A human brain sized neural network can be roughly modeled by a 10^11 by 10^11 sparse weight matrix with 10^15 nonzero weights. An array would require 10^10 TB, which would not fit on disk. The weight matrix could be represented instead as a list of pointers using 4 x 10^15 bytes = 4000 TB.
A simulation would require matrix addition and multiplication operations on the order of tens of milliseconds. (I am assuming that the signal of interest is the firing rate and not individual spikes.) Unfortunately, memory is optimized for serial access. Random access time is on the order of 50 ns. Thus, one matrix operation would take 10^8 seconds, or 10^9 slower than real time.

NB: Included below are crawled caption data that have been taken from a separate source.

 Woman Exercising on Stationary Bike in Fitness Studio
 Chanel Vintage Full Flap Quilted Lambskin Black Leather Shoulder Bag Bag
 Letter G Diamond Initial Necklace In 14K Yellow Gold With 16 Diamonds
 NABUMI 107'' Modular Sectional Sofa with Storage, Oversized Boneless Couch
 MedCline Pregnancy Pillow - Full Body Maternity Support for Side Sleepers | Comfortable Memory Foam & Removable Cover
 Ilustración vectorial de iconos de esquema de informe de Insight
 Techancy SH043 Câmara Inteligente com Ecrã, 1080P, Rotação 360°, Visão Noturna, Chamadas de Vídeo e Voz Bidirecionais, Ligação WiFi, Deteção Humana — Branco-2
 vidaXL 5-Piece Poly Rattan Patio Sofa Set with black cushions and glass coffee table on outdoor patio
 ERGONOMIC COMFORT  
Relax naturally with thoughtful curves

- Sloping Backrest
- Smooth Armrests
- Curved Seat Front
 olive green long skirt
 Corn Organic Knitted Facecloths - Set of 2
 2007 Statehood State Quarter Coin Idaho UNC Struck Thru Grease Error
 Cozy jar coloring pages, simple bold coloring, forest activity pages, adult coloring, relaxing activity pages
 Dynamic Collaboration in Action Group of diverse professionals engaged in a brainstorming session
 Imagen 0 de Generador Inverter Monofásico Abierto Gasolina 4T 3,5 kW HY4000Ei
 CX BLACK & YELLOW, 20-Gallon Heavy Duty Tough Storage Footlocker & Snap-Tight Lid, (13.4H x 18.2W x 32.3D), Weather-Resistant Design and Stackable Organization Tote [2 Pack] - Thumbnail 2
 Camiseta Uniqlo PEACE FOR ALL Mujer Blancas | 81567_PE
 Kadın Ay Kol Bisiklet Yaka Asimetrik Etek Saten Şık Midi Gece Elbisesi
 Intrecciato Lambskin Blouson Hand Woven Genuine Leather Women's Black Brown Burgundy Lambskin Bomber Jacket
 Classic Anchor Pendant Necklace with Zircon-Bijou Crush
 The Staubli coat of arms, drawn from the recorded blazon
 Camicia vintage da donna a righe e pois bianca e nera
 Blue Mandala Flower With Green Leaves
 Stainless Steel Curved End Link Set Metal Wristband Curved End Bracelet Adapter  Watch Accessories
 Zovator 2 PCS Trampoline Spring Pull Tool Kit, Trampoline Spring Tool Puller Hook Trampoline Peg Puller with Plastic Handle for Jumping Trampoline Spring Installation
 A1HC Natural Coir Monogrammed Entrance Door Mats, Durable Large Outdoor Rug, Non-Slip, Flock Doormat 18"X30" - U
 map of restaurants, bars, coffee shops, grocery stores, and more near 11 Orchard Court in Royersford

Weights are not uniformly distributed. Rather, neurons that are closer together are more likely to be connected. This suggests a more efficient implementation. The brain has a volume of about 1000 cm^3. Axons have a diameter of 10^-6 m. Suppose that 10^6 processors each simulated 1 mm^3 of brain tissue. Each cube would have 10^5 neurons, 10^9 synapses and 10^6 I/O at 10 to 100 bits per second each. The internal weight matrix would be dense. It could be represented as an array of 10^10 elements with 10^11 to 10^12 operations per second. This is not unreasonable for one processor. So it seems that a human brain could be simulated by a million off the shelf processors or a few hundred Jaguars. Furthermore, if a few fail then the simulation will degrade gracefully because the human brain is fault tolerant.
Of course this is a different problem than writing the software or obtaining appropriate training data.